4. Splatting, Rendering, and Forward Model Adaptation

Gaussian Splatting for fisheye images adapts the rasterization or ray-tracing splatting pipeline in accordance with the camera model. In tile-based rasterization, the modified projection ensures each Gaussian is accurately mapped to the 2D plane, including the covariance transformation. Real-time rendering is maintained by efficient CUDA implementations that compute the forward projection and all required gradients with negligible additional computational cost (Liao et al., 7 Sep 2024).

Ray tracing approaches (RaySplats) extend naturally to fisheye modalities: rays are synthesized from each pixel by inverting the fisheye projection, and splatting is replaced by per-ray intersection computations with 3D ellipsoidal "confidence" regions. This method is camera-model agnostic and allows unified, global handling of occlusions, light, shadows, and inter-reflections even in the presence of severe peripheral distortion (Byrski et al., 31 Jan 2025).

5. Performance Evaluation and Comparative Analyses

Empirical studies on real images with fields of view beyond 180° indicate several tradeoffs and practical considerations:

Fisheye-GS (equidistant projection) performs best at or near 160°, with performance tapering at 200° due to projection ambiguities outside its valid range.
3DGUT (Unscented Transform) is robust even at 200°, consistently delivering higher perceptual quality (SSIM, LPIPS) at the periphery.
At small fields of view (120°), Fisheye-GS loses context, and performance degrades, whereas 3DGUT remains stable.
Metric improvements (PSNR, SSIM) are most pronounced in the periphery, with the choice of calibration and initialization playing a critical role (Gunes et al., 9 Aug 2025).

Experiments on datasets with known LIDAR ground truth (FIORD) confirm that explicit 3DGS, when combined with appropriate fisheye handling, outperforms NeRF-style implicit models both quantitatively and in geometric accuracy for large-scale reconstructions (Gunes et al., 2 Apr 2025).

6. Applications, Extensions, and Limitations

Fisheye-based 3DGS enables efficient wide-angle and omnidirectional 3D reconstruction.

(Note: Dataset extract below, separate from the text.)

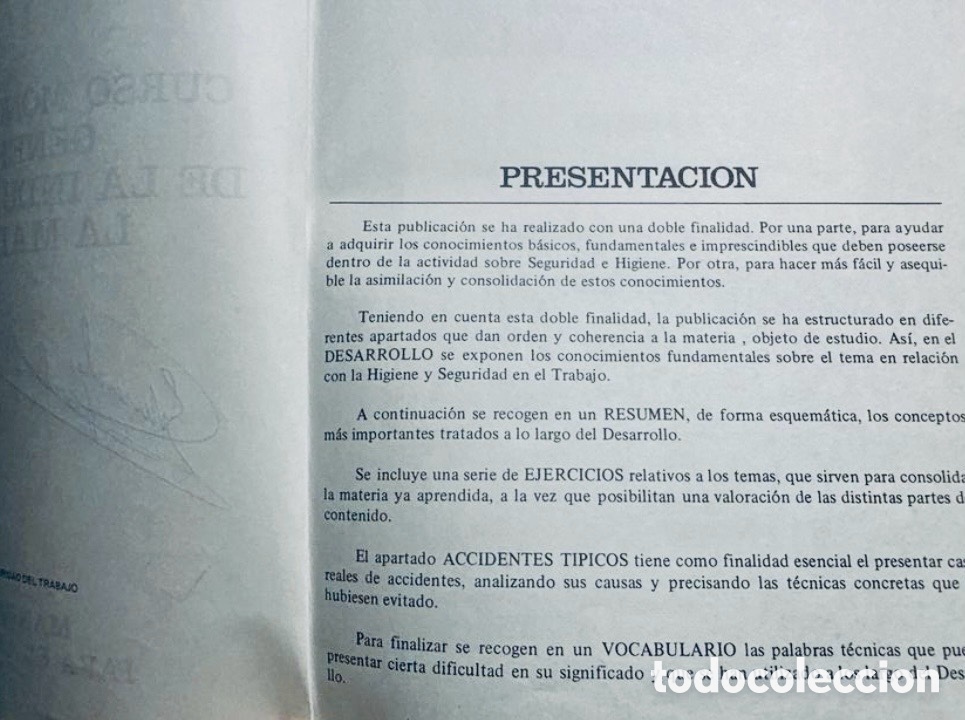 Enciclopedias de segunda mano: CURSO MONOGRAFICO GENERAL DE INDUSTRIA DE LA MADERA. - Foto 2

Applications include autonomous driving, robotics, immersive VR/AR, and large-scale mapping tasks where rapid, full-scene coverage is required. Modularity in the projection layer allows easy extension to other camera models (e.g., panoramic, cubemap), facilitating integration with hybrid sensory pipelines including sonar fusion and LIDAR (Qu et al., 6 Apr 2024, Deng et al., 13 Feb 2025).

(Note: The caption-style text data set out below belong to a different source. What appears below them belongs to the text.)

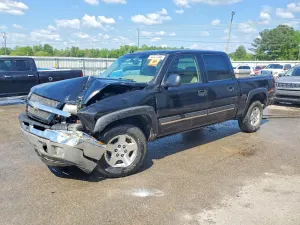 Chevrolet Silverado 1500 5.3L 8 2005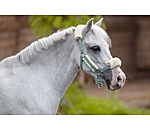 Capezza con pelliccia sintetica per puledri e Shetland Cosy Adjustable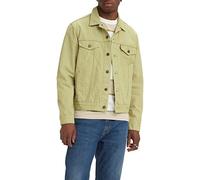 Levi's The Trucker Jacket Cedar, Giacca Uomo, Cedar, S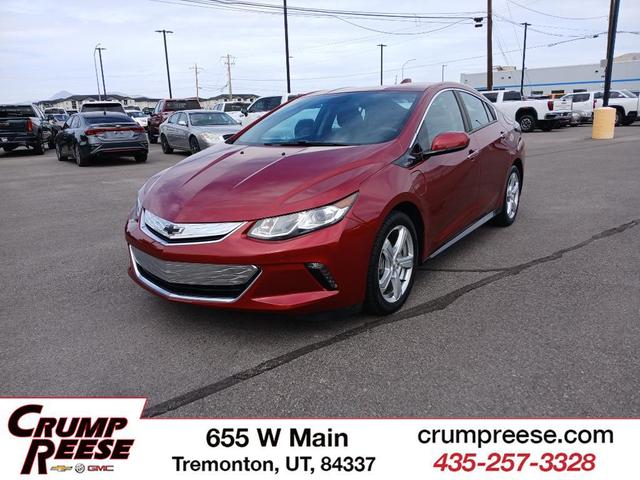 Photo of 2019 Cajun Red Tintcoat Chevrolet Volt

Current limitations include:

Sensitivity to extreme distortion near and beyond 180° in equidistant or simplified models.
Residual “floater” artifacts and ambiguities in cases of sparse or low-texture supervision, especially outdoors or in the presence of glare, fog, or sky.
Dependence on robust camera initialization, with monocular depth priors providing a viable route when feature-based SfM is unreliable.

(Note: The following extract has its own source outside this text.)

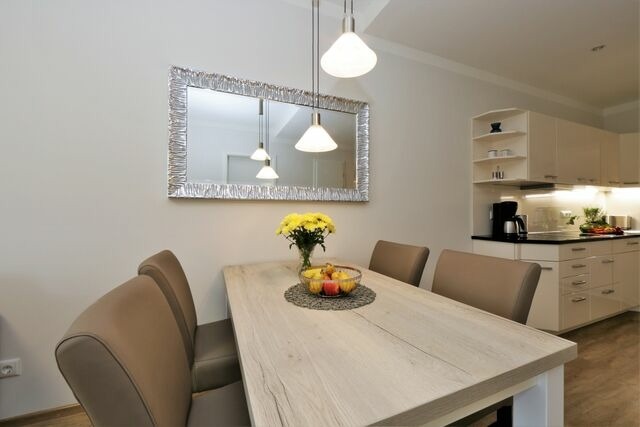 Ferienwohnung in Ahlbeck - (Brise) Strandresidenz Else Marie App. 1.1 - Bild 7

Future directions encompass tighter integration of self-calibrating distortion fields, improved monocular or learned depth priors adapted to fisheye imagery, further development of fish-eye robust regularization and densification strategies, and hybrid approaches that fuse ray-tracing with rasterization for global lighting and high realism in wide-angle settings.

7. Outlook and Research Opportunities

Ongoing developments in the field underline several promising research avenues:

Generalized projection operators that seamlessly interpolate between fisheye, perspective, and panoramic cameras.
Adaptive uncertainty estimation for asset extraction and scene completion, with explicit view-dependent uncertainty tracking over broad angular coverage (Han et al., 10 Apr 2025).
Modular, distortion-adaptive splatting that supports real-time immersive environments and robust 3D mapping from minimal image sets.
Deeper integration with generative and hybrid 3DGS–SDF models to enhance geometry consistency and fine detail, especially under severe lens non-linearities (Gao et al., 21 Jul 2025).

Fisheye-Based 3D Gaussian Splatting is thus distinguished by its robust handling of extreme image distortion, explicit scene geometry, and efficient, real-time rendering, positioning it as a compelling approach for next-generation wide-angle and 360° scene reconstruction and synthesis.